Singular Coverage List continues to lead.
A dovish Fed signals rate cuts to stimulate stalling economic growth. The Singular Research Coverage list continued to lead the S&P500 & Russell 2000 YTD, although the major indices slightly outperformed bouncing back from the May correction. Although, the small caps and unweighted indices have not kept pace, we will wait to see if this lag becomes a divergence.
Our top performers in June were led by Geospace Technologies Corp. (GEOS), Management announced strong second quarter results with revenue up 36% YOY driven by OBX rental demand. Our next chart topper was Salem Media Group (SALM). Total revenues declined 5.2% YOY to $60.5 million in q1 19 as a result of drops in Broadcast, Digital Media and Publishing revenues. At a significant discount to book value at $8, SALM looks to have found some fans. Acme United Corp (ACU) gave positive forward guidance after a difficult TTM outlook, Management reiterated its sales guidance for CY 2019 of ~$140-$143 million, net income of $5.0-$5.3 million and earnings per share of $1.41-$1.50.
Our worst performers were led by Floor & Décor Holdings Inc(FND), a short call that suffered both from profit taking and covering as the June rally in the overall equity markets gained traction. Harvard Bioscience, Inc. (HBIO) continued to fall in June, GAAP revenues improved 5% in Q119, but organic revenues fell 4% and adjusted EPS declined YOY from $0.03 from $0.02. HBIO expects a challenging H119 and improving results in H219. Daktronics, Inc. (DAKT) reported fourth quarter fiscal 2019 results below our projections.Management guided for slightly higher sales for Q1:20. However, we expect near-term EPS growth to remain muted amid trade tensions. We cut our rating to Buy/Long Term and lower our target price to $6.50.

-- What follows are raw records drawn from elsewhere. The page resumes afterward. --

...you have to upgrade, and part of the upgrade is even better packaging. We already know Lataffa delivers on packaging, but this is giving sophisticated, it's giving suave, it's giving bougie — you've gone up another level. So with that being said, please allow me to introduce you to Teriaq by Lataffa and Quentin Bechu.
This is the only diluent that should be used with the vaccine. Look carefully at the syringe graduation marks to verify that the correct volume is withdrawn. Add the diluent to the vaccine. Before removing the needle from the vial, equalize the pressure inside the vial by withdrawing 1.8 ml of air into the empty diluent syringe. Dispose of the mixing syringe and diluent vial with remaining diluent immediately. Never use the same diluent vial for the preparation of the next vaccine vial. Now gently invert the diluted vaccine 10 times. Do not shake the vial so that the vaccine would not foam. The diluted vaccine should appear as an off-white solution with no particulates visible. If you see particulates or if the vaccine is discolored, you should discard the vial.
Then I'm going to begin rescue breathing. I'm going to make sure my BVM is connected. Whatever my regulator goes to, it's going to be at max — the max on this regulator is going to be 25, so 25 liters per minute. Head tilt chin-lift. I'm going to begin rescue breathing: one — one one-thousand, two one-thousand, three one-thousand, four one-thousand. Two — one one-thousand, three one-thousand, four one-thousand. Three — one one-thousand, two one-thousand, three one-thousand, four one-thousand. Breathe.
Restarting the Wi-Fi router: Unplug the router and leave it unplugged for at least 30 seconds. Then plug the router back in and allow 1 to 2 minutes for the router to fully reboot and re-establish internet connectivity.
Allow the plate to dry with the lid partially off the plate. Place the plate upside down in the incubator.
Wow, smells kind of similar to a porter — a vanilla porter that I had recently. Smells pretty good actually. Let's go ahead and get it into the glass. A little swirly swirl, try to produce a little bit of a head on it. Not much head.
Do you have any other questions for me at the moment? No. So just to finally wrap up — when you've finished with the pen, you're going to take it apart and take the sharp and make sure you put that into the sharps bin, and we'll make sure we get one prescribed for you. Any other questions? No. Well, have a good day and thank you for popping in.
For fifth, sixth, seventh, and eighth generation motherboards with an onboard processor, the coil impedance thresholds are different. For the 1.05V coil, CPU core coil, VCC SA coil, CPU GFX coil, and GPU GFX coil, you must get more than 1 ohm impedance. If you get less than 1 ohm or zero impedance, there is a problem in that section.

In June, we initiated coverage on LB Foster (FSTR) LB Foster Co. engages in the manufacture, fabrication, and distribution of products and services for the transportation and energy infrastructure. We caught a nice move up powered by strong Q1:19 results with EBITDA increasing ~92% YOY driving FSTR up 11% and into our top five for June.
At Singular Research we wish to thank our clients and followers for their continued commitment and support of our unbiased, independence research model as we strive to consistently deliver Alpha generated from the lack of coverage out- performance anomaly.